You might also check out
https://www.knot-dns.cz/docs/3.3/singlehtml/index.html#master-pin-tolerance
which helps the secondary stick with one primary unless (until) it
appears to be broken. This would help achieve the "default X backup"
scenario.
Thanks!
Libor
Dne 08. 02. 24 v 17:23 Juha Suhonen napsal(a):
Hello fellow Knot users,
We're using Knot on some of our public authoritative servers. We operate a hidden
primary configuration where there are two internal primary servers sending notifies to
publicly accessible servers whenever zones change (ofc internal servers allow zone
transfers & queries from the knot servers).
By design, our hidden internal primary servers operate in a hot/cold setup - one of them
is answering to zone transfers / sending out notifies and the other one is not (dns server
software is not running on the cold server).

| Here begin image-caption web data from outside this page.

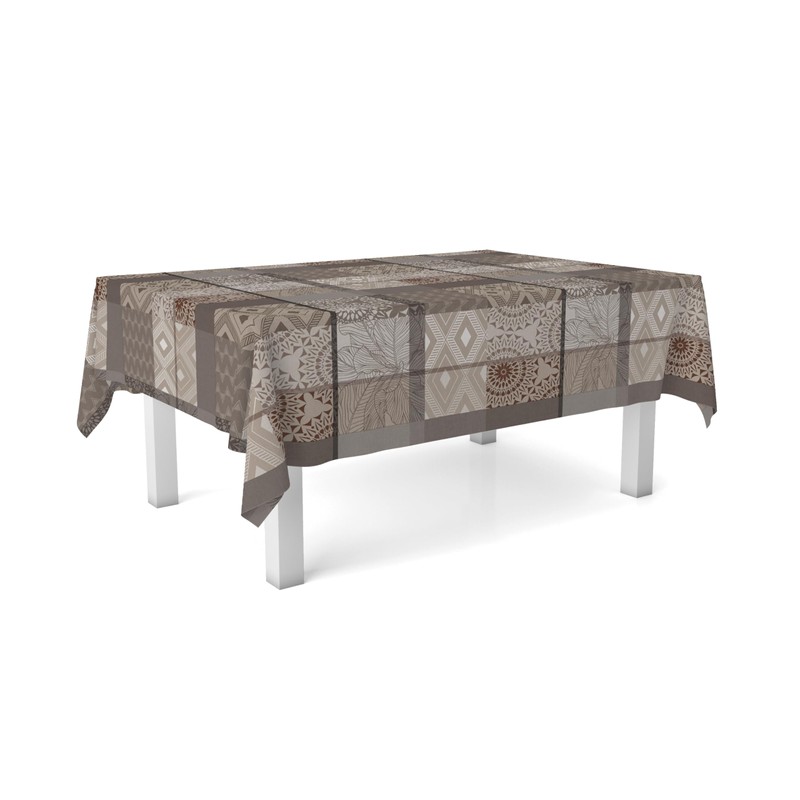 Martina Home Oilcloth Tablecloth Pompe Brown 180x140cm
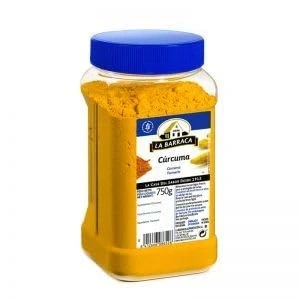 Imagen de Cúrcuma en Polvo de 750 Gramos la Barraca Sabor Natural Ligeramente Amargo y Picante Similar a Pimienta Jengibre Mejor Selección ENOVINOS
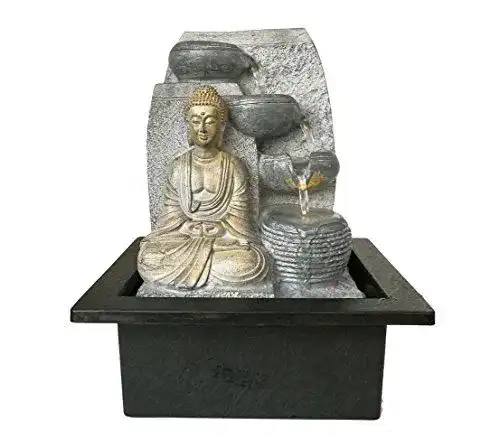 Zimmerbrunnen Dehner Steine mit LED-Beleuchtung, 25 x 17,5 x 21 cm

This configuration causes knot to log alarming errors:
Feb 1 17:28:45 ns2 knotd[624]: info: [zone.fi.] refresh, remote 10.54.54.1@8054, remote
serial 2021083015, zone is up-to-date, expires in 864000 seconds
Feb 1 17:28:45 ns2 knotd[624]: info: [zone.fi.] refresh, remote hidden-ns-2.internal,
address 10.54.54.2@8054, failed (connection reset)
Feb 1 17:28:45 ns2 knotd[624]: info: [zone.fi.] refresh, remote hidden-ns-2.internal,
address [ipv6_address]@8054, failed (connection reset)

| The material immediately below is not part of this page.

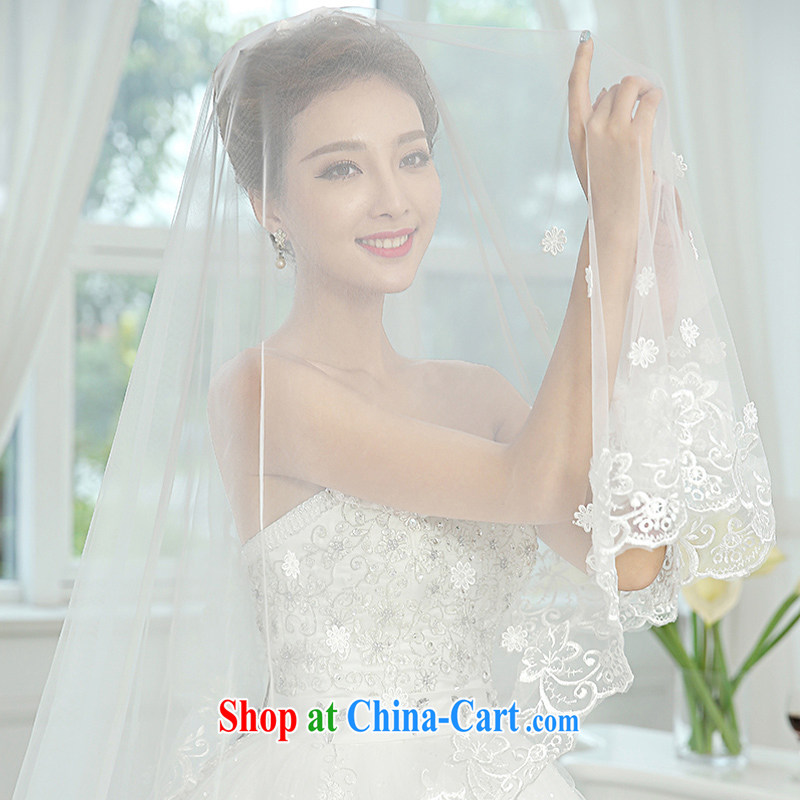 Code hang bridal 2015 new tail wedding and legal standard ultra-long lace and yarn beach head yarn high quality luxury 3M wedding and yarn are code 3 M, and hang Seng bride, shopping on the Internet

Feb 1 17:28:45 ns2 knotd[624]: warning: [zone.fi.] refresh, remote hidden-ns-2.internal
not usable
Feb 1 17:28:45 ns2 knotd[624]: error: [zone.fi.] refresh, failed (no usable master), next
retry at 2024-02-01T17:58:45+0200
Feb 1 17:28:45 ns2 knotd[624]: error: [zone.fi.] zone event 'refresh' failed (no
usable master)
Specifically, error "(no usable master)" is worrying - knot is able to reach
hidden-ns-1.internal and verify that the zone it has is up-to-date. Also zone updates work
normally and the zones don't seem to expire away (as zones should do if no master is
reachable for an extended period of time).

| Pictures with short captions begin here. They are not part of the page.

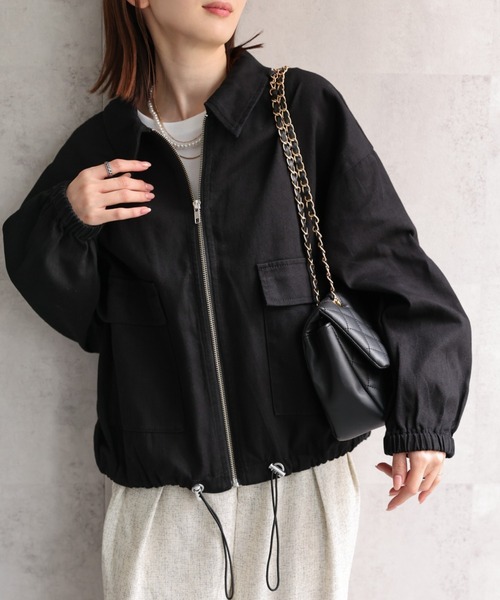 momo☺︎ / hagumu ⿻ ソフトデニムジャケット Gジャン 春 y801401_5.jpg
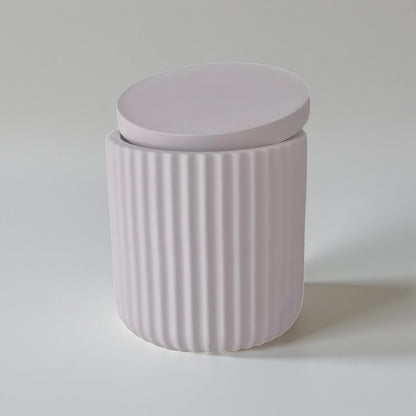 Dekoschale mit Rillen aus Raysin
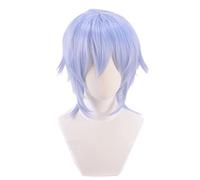 2022 Cos Wig Parrucca Anime IDOLiSH7 Parrucca Cosplay Tamaki Yotsuba, Parrucca Blu Corta, Parrucca Costume Halloween, for Halloween, Festa in Costume, Spettacolo Anime, Evento Cosplay, Concerti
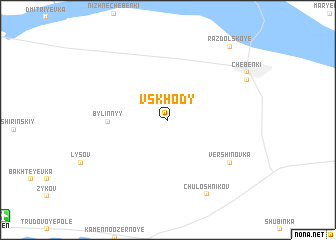 map of Vskhody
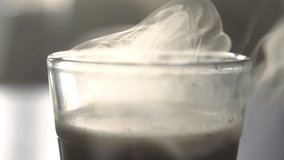 Closeup of hot steam coming from a tea, Indian chai - Powered by Shutterstock - Get 15% off with code: PIKWIZARD15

Looks like this error appeared in version 3.3.0. 3.2.9 did not log similar errors (except
in cases where all primaries really were unreachable). Has there been some design change
in 3.3.0 (ie is this intentional) or could this be a bug? Or could it be related to our
configuration?
Our configuration relies heavily on templates. These should be the important bits from
knot's config, with ipv6 addresses hidden:
acl:
- id: "hidden-ns-1.internal"
address: [ 10.54.54.1, ipv6_address ]
action: notify
- id: "hidden-ns-2.internal"
address: [ 10.54.54.2, ipv6_address ]
action: notify
remote:
- id: "hidden-ns-1.internal"
address: [ 10.54.54.1@8054, ipv6_address@8054 ]
via: [ x.x.x.x, ipv6_address ]
- id: "hidden-ns-2.internal"
address: [ 10.54.54.2@8054, ipv6_address@8054 ]
via: [ x.x.x.x, ipv6_address ]
template:
- id: default
storage: /var/lib/knot/zones
master: hidden-ns-1.internal
master: hidden-ns-2.internal
acl: hidden-ns-1.internal
acl: hidden-ns-2.internal
semantic-checks: false
global-module: mod-rrl/default
zone:
- domain: zone.fi